Date: Thu, 27 Jun 2024 16:27:05 -0600
X-Mailing-List: linux-kernel@vger.kernel.org
List-Id: <linux-kernel.vger.kernel.org>
List-Subscribe: <mailto:linux-kernel+subscribe@vger.kernel.org>
List-Unsubscribe: <mailto:linux-kernel+unsubscribe@vger.kernel.org>
Mime-Version: 1.0
Message-ID: <20240627222705.2974207-1-yuzhao@google.com>
Subject: [PATCH mm-unstable v2] mm/hugetlb_vmemmap: fix race with speculative
 PFN walkers
From: Yu Zhao <yuzhao@google.com>
To: Andrew Morton <akpm@linux-foundation.org>, Muchun Song <muchun.song@linux.dev>
Cc: David Hildenbrand <david@redhat.com>, Frank van der Linden <fvdl@google.com>, 
	"Matthew Wilcox (Oracle)" <willy@infradead.org>, Peter Xu <peterx@redhat.com>, 
	Yang Shi <yang@os.amperecomputing.com>, linux-mm@kvack.org, 
	linux-kernel@vger.kernel.org, Yu Zhao <yuzhao@google.com>
Content-Type: text/plain; charset="UTF-8"
Xref: photonic.trudheim.com org.kernel.vger.linux-kernel:1261505 org.kvack.linux-mm:201711
Newsgroups: org.kernel.vger.linux-kernel,org.kvack.linux-mm
Path: photonic.trudheim.com!nntp.lore.kernel.org!not-for-mail

While investigating HVO for THPs [1], it turns out that speculative
PFN walkers like compaction can race with vmemmap modifications, e.g.,

  CPU 1 (vmemmap modifier)         CPU 2 (speculative PFN walker)
  -------------------------------  ------------------------------
  Allocates an LRU folio page1
                                   Sees page1
  Frees page1

  Allocates a hugeTLB folio page2
  (page1 being a tail of page2)

  Updates vmemmap mapping page1
                                   get_page_unless_zero(page1)

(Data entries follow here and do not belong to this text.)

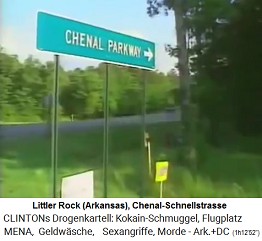Little Rock (Arkansas), die Chenal-Schnellstrasse (Chenal Parkway), Wegweiser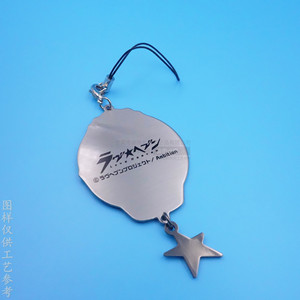 Breloque de téléphone portable en acier inoxydable avec pendentif époxy, motif dessin animé, étoile, cadeau décoratif - Product Image 3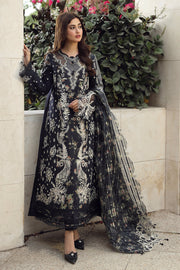 Qalamkar Festive Chikankari Lawn Unstitched 3Pc Suit PS-07 HAMNA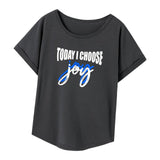 Maxbell T Shirt for Women Ladies Trendy Basic Tee Shirt for Vacation Holiday Walking XL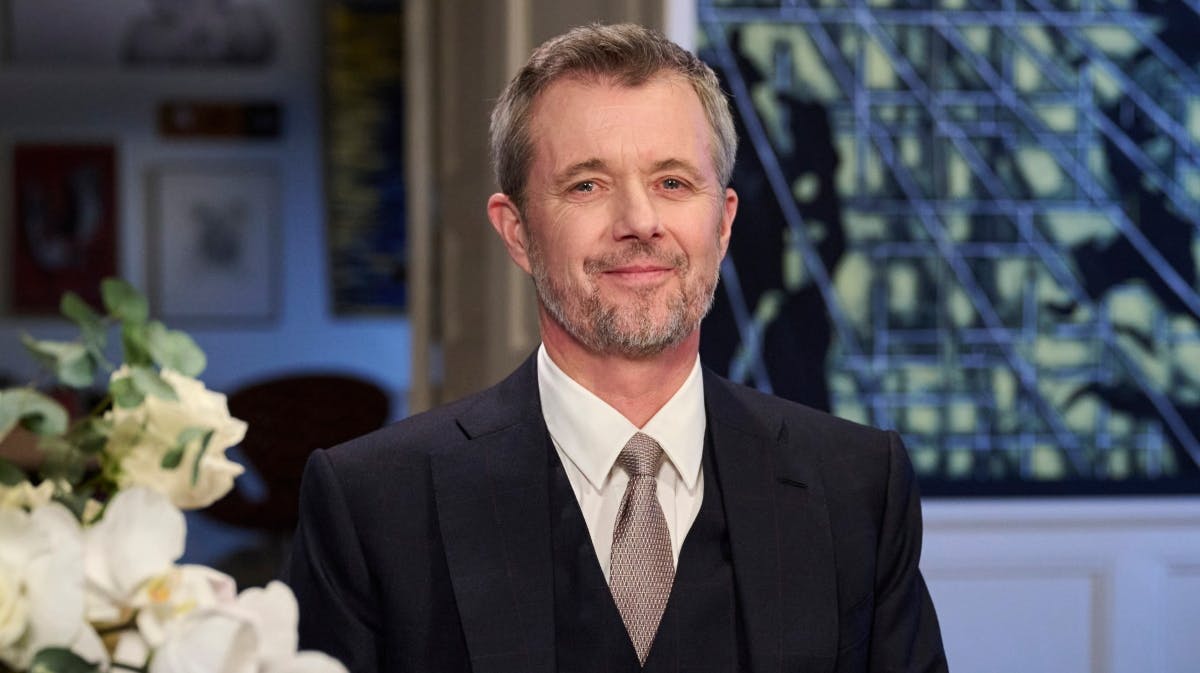 Kong Frederik efter sin veloverståede nytårstale. 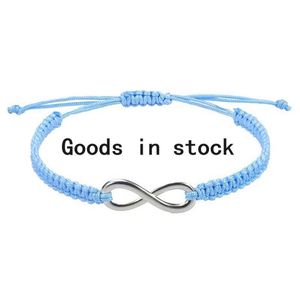 Wholesale Infinity Symbol Woven Friendship <b>Bracelet</b> <b>Adjustable</b> Braided Rope Number <b>Bracelets</b> for Couple Friends - Product Image 3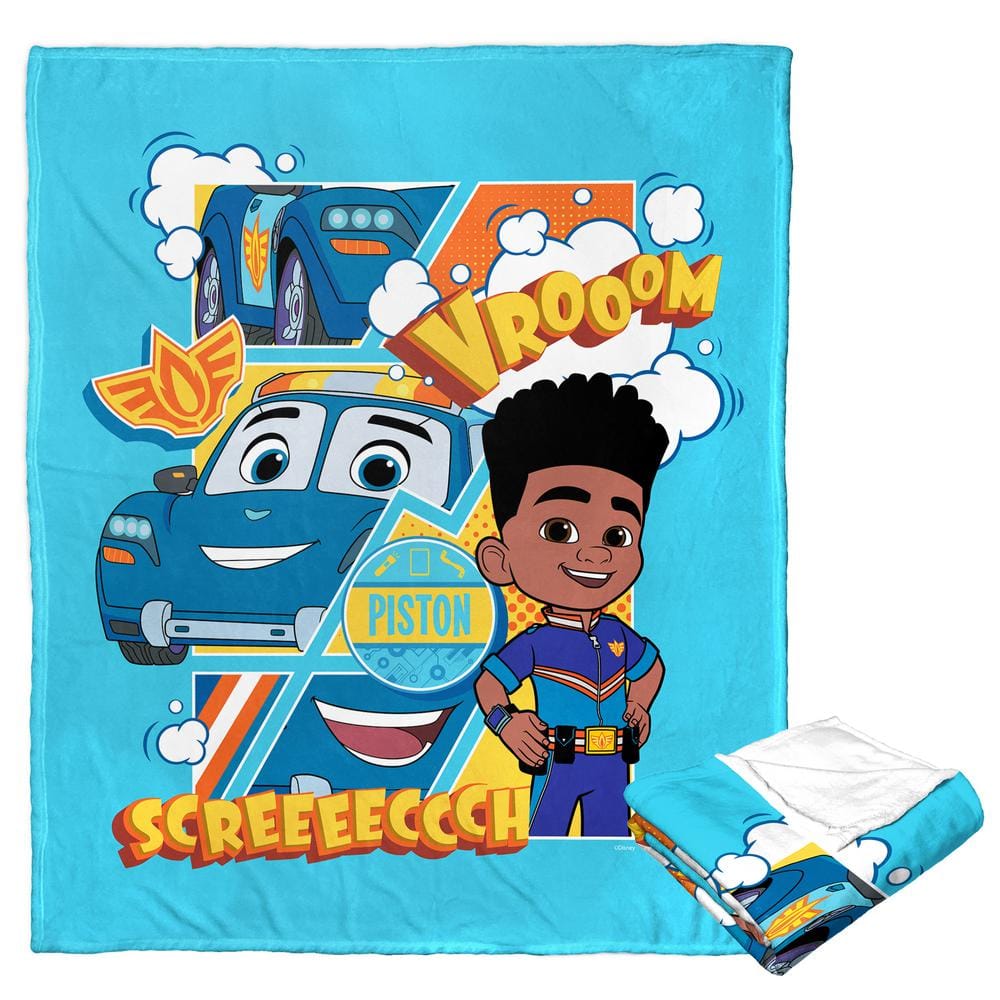 THE NORTHWEST GROUP Disney Junior Firebuds Jayden and Piston Silk Touch Multi-Colored Throw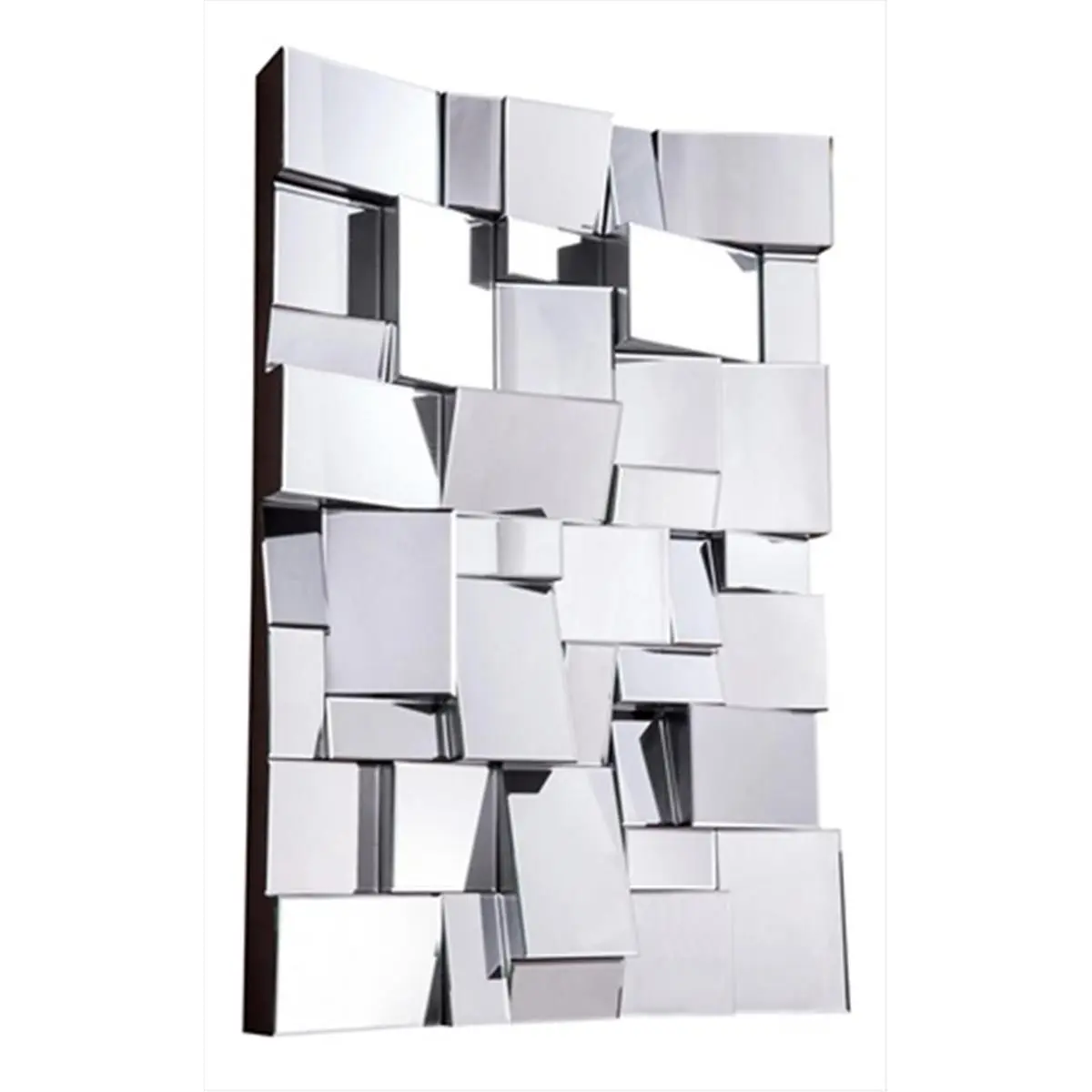 212 MAIN Large Size Wood Bathroom Mirror, 47x4.5x31.5 in, Modern Clear Elegant Home Improvement Decor Fixture, Hardwood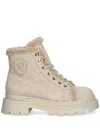 Blauer Suede Lace-up Boots In Neutrals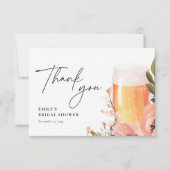 Bruidsfeest 'Beer Love is Brewing' Bedankkaart (Voorkant)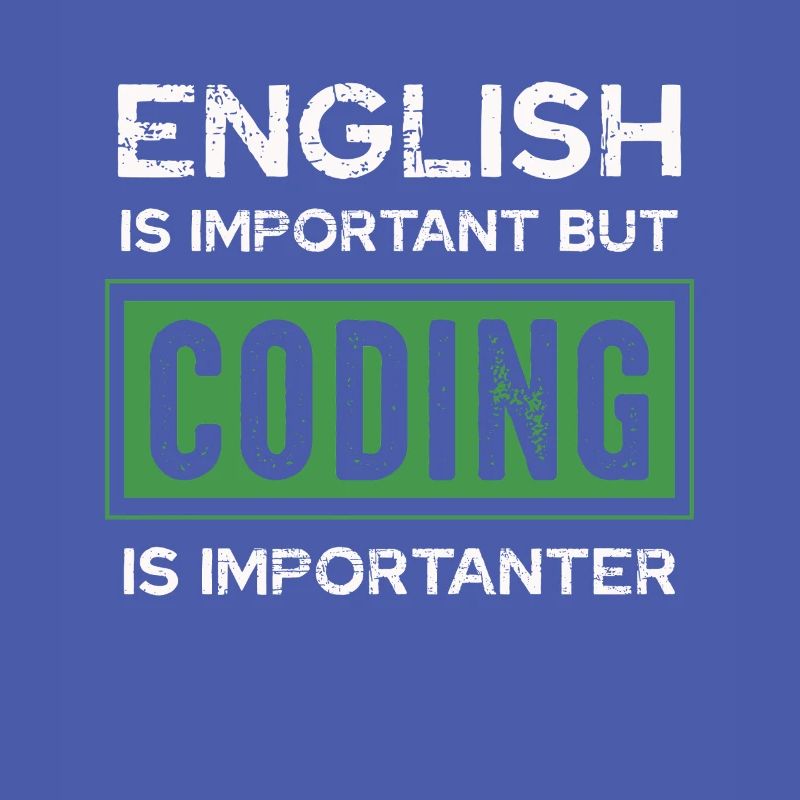 L’anglais est important, mais la programmation l’est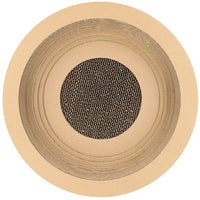 HKM-6789949 Cat Scratch Board - Paper Material, 40cm Diameter, 11cm Height, Ideal for Claw Grinding Toys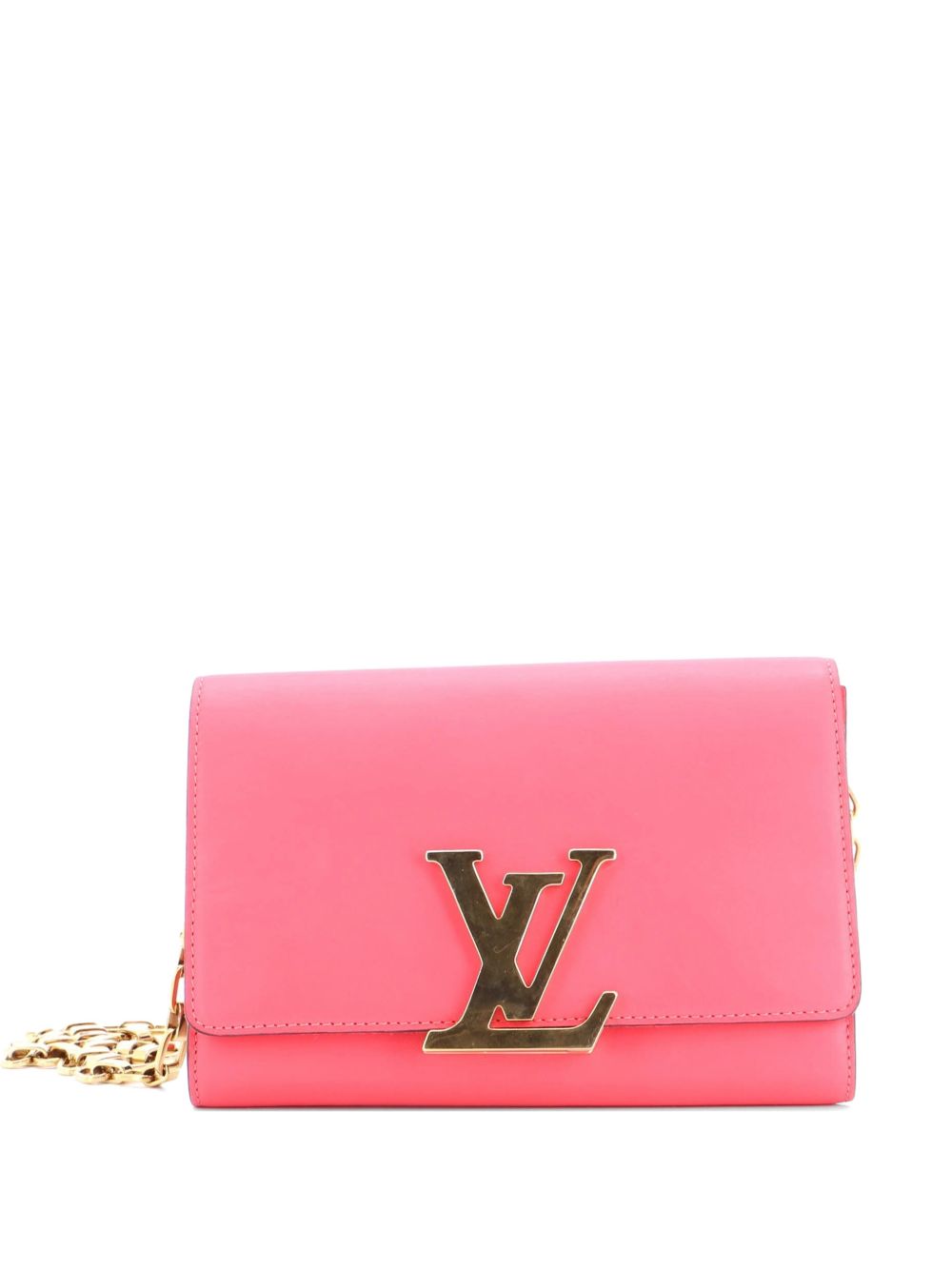 Louis Vuitton Chain Louise Leather GM clutch bag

Even though page1->_refcount is zero after HVO, get_page_unless_zero()
can still try to modify this read-only field, resulting in a crash.

An independent report [2] confirmed this race.

There are two discussed approaches to fix this race:
1. Make RO vmemmap RW so that get_page_unless_zero() can fail without
   triggering a PF.
2. Use RCU to make sure get_page_unless_zero() either sees zero
   page->_refcount through the old vmemmap or non-zero page->_refcount
   through the new one.

The second approach is preferred here because:
1. It can prevent illegal modifications to struct page[] that has been
   HVO'ed;
2. It can be generalized, in a way similar to ZERO_PAGE(), to fix
   similar races in other places, e.g., arch_remove_memory() on x86
   [3], which frees vmemmap mapping offlined struct page[].

While adding synchronize_rcu(), the goal is to be surgical, rather
than optimized. Specifically, calls to synchronize_rcu() on the error
handling paths can be coalesced, but it is not done for the sake of
Simplicity: noticeably, this fix removes ~50% more lines than it adds.

According to the hugetlb_optimize_vmemmap section in
Documentation/admin-guide/sysctl/vm.rst, enabling HVO makes allocating
or freeing hugeTLB pages "~2x slower than before". Having
synchronize_rcu() on top makes those operations even worse, and this
also affects the user interface /proc/sys/vm/nr_overcommit_hugepages.

[1] https://lore.kernel.org/20240229183436.4110845-4-yuzhao@google.com/
[2] https://lore.kernel.org/917FFC7F-0615-44DD-90EE-9F85F8EA9974@linux.dev/
[3] https://lore.kernel.org/be130a96-a27e-4240-ad78-776802f57cad@redhat.com/

Signed-off-by: Yu Zhao <yuzhao@google.com>
Acked-by: Muchun Song <muchun.song@linux.dev>
---
 include/linux/page_ref.h |  8 +++++-
 mm/hugetlb.c             | 53 ++++++----------------------------------
 mm/hugetlb_vmemmap.c     | 16 ++++++++++++
 3 files changed, 30 insertions(+), 47 deletions(-)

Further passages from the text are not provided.